### Supplied records

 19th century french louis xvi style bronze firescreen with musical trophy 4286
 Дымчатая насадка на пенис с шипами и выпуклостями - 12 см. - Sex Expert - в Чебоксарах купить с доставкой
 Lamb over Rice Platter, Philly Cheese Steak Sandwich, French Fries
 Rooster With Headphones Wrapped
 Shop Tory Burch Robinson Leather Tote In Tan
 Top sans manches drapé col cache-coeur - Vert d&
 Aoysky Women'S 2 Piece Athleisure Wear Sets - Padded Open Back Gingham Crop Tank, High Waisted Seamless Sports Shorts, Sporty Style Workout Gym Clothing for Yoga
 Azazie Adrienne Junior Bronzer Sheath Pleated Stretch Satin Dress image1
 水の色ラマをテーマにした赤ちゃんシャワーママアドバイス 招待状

...

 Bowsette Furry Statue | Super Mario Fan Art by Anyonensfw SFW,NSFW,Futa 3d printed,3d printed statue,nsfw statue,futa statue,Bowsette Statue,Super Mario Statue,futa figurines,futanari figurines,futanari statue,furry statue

### Assigned task
Your answer should be the lines above, from the line containing "Lamb over Rice" up to and including the line containing "水の色ラマをテーマにした赤ちゃんシャワーママアドバイス 招待状", reproduced exactly and with nothing else.

### Written answer
 Lamb over Rice Platter, Philly Cheese Steak Sandwich, French Fries
 Rooster With Headphones Wrapped
 Shop Tory Burch Robinson Leather Tote In Tan
 Top sans manches drapé col cache-coeur - Vert d&
 Aoysky Women'S 2 Piece Athleisure Wear Sets - Padded Open Back Gingham Crop Tank, High Waisted Seamless Sports Shorts, Sporty Style Workout Gym Clothing for Yoga
 Azazie Adrienne Junior Bronzer Sheath Pleated Stretch Satin Dress image1
 水の色ラマをテーマにした赤ちゃんシャワーママアドバイス 招待状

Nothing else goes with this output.